Kuppermann et al. Identification of children at very low risk of clinically-important brain injuries after head trauma: a prospective cohort study. Lancet. 2009 Oct 3;374(9696):1160-70
Pediatric patients presenting in the ED with head trauma can be identified as low risk by 6 prediction factors and managed safely without a Head CT:
Age<2 years & NONE of the following factors: AMS, palpable skull fracture, scalp hematoma (except frontal), hx of LOC ≥ 5s, severe MOI, or not acting normally per parent
Age≥2 years & NONE of the following factors: AMS, signs of basilar skull fracture, Hx of LOC, history of vomiting, severe MOI or severe headache
Why is this important for EM
Head trauma in patients (<18 years) accounts for 600,000 ED visits yearly. The majority of children (40-60%) getting scanned have only minor head trauma (GCS 14-15) and less than 10% of those head CTs show traumatic brain injuries. Getting CT scans for pediatric patients is not benign. The estimated rate of lethal malignancy for pediatric cranial CT is 1/5000. Accurately identifying low risk patients can help prevent unnecessary radiation exposure.

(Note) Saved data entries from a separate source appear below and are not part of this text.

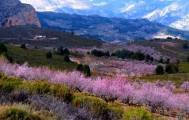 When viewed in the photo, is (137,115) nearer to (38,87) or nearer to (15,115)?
(38,87)

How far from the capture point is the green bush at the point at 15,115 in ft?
47.5

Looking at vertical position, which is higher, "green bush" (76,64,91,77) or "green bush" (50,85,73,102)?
"green bush" (50,85,73,102)

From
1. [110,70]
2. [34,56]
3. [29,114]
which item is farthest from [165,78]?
[29,114]

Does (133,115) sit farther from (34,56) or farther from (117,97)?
(34,56)

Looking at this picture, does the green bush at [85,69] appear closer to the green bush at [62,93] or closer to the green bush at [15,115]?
the green bush at [62,93]

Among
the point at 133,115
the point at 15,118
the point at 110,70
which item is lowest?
the point at 110,70

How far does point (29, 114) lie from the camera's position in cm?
1495

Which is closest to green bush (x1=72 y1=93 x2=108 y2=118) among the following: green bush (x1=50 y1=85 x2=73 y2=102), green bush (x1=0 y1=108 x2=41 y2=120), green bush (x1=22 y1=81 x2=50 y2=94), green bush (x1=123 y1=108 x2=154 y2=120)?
green bush (x1=50 y1=85 x2=73 y2=102)

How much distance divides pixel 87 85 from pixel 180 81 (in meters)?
59.8

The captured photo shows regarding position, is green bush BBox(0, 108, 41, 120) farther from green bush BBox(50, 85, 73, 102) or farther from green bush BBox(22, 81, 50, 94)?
green bush BBox(50, 85, 73, 102)

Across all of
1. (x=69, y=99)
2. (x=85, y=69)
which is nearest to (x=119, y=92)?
(x=85, y=69)

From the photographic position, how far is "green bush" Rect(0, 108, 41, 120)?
14469mm

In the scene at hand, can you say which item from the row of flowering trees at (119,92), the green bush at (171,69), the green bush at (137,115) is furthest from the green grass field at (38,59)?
the green bush at (137,115)

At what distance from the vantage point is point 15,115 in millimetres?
14555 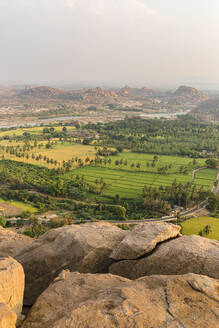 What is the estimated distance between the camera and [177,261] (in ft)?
42.7

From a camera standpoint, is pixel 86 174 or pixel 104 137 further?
pixel 104 137

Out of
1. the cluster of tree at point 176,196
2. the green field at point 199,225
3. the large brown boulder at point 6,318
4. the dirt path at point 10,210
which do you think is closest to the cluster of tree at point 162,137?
the cluster of tree at point 176,196

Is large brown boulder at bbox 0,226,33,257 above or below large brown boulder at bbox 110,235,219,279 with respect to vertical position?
below

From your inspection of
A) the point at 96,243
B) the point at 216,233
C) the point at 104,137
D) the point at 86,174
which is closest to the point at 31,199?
the point at 86,174

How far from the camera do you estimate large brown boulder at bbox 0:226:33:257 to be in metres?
17.2

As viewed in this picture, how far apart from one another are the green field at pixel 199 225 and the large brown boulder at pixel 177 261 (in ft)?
A: 96.9

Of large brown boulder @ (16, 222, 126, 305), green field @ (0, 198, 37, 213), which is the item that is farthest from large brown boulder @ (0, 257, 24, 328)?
green field @ (0, 198, 37, 213)

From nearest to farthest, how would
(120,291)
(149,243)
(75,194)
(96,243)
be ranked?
(120,291) → (149,243) → (96,243) → (75,194)

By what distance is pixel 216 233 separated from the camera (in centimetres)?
4203

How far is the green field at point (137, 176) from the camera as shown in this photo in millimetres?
62875

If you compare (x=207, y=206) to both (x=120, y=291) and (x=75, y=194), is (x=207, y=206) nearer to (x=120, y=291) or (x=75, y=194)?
(x=75, y=194)

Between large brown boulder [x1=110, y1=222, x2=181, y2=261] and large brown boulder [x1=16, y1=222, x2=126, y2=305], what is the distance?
112 cm

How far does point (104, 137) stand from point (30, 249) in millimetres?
108938

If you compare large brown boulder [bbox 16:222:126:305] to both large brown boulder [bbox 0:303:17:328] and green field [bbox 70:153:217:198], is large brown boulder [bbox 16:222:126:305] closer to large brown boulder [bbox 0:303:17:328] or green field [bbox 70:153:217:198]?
large brown boulder [bbox 0:303:17:328] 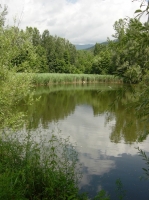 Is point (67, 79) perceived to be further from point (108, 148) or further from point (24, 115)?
point (24, 115)

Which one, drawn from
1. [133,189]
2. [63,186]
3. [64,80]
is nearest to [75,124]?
[133,189]

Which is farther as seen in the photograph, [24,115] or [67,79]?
[67,79]

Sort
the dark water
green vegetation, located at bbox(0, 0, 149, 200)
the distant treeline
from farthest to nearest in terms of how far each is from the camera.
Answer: the dark water < green vegetation, located at bbox(0, 0, 149, 200) < the distant treeline

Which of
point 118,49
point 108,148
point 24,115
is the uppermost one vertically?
point 118,49

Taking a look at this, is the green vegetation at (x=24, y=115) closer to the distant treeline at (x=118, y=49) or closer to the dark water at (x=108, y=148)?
the distant treeline at (x=118, y=49)

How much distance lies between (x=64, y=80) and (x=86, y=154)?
41.1 m

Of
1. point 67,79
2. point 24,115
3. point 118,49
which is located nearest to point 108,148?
point 24,115

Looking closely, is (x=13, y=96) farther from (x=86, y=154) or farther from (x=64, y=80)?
(x=64, y=80)

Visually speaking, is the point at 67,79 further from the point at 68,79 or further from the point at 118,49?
the point at 118,49

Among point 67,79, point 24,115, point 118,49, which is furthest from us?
point 67,79

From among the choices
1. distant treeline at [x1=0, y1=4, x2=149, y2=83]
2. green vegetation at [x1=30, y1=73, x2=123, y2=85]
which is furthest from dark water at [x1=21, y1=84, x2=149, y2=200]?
green vegetation at [x1=30, y1=73, x2=123, y2=85]

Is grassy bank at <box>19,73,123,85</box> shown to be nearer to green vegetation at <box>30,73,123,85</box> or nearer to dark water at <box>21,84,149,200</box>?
green vegetation at <box>30,73,123,85</box>

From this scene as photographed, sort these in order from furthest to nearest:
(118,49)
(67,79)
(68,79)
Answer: (68,79), (67,79), (118,49)

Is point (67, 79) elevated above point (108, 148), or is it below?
above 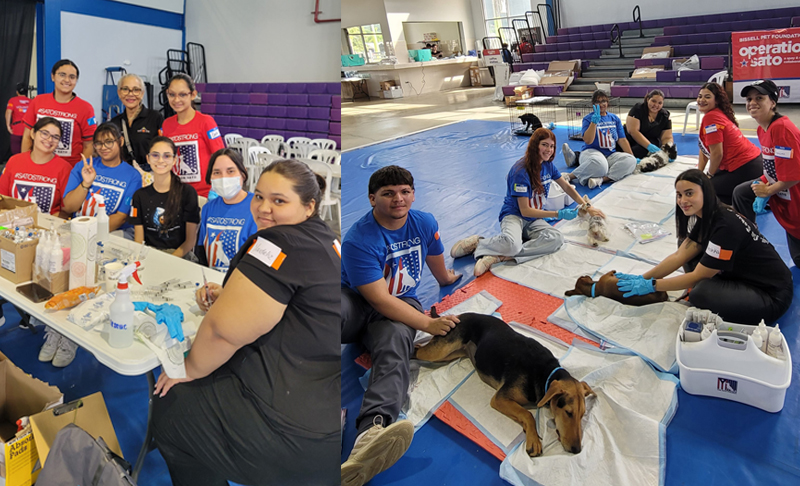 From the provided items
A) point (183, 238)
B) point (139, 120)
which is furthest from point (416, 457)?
point (139, 120)

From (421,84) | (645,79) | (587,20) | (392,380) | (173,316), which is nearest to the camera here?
(173,316)

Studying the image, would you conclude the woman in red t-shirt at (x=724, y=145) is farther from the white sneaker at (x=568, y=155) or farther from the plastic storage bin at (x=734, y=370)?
the white sneaker at (x=568, y=155)

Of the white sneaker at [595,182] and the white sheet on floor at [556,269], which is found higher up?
the white sneaker at [595,182]

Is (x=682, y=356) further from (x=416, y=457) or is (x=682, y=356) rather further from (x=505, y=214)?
(x=505, y=214)

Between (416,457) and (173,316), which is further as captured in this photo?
(416,457)

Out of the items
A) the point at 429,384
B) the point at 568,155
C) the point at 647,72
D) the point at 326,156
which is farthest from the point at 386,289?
the point at 647,72

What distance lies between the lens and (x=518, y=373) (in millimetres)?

The study derives and validates a prediction rule using 6 clinical variables to identify patients as low risk for clinically important traumatic brain injury (ciTBI).
In the Age<2 group, only 1 out of 4528 patients in the derivation group & 0 out of 1176 in the validation group had an adverse outcome (Sensitivities of 98.6% & 100%/NPV of 99.9% & 100% respectively) using the prediction rule.
In the Age≥2 group, only 7 out of 14656 patients in the derivation group & 2 out of 3798 in the validation group had an adverse outcome (Sensitivities of 96.7% & 96.8%/NPV of 99.95% & 99.95% respectively) using the prediction rule.
Design & Results
Prospective cohort study using data collected at 25 EDs of the Pediatric Emergency Care Applied Research Network (PECARN). Children presenting within 24 hrs of head trauma. Excluded patients with trivial MOI or no significant signs of head trauma.
57030 eligible patients. 42, 412 patients with GCS 14-15 eligible for analysis. 14969 CT scans were obtained from the enrolled patients and evaluated with prediction rules. Trained site investigators and other ED physicians recorded patient history, injury mechanism, and symptoms and signs on a standardised data form before knowing imaging results (if imaging was done). Data studied for the derivation population from Jun 2004 – Mar 2006 and the validation population from March-Sept 2006. Patients were <18 years of age.
Not every child enrolled in the study received a CT Scan. No assessment of long-term neurologic status.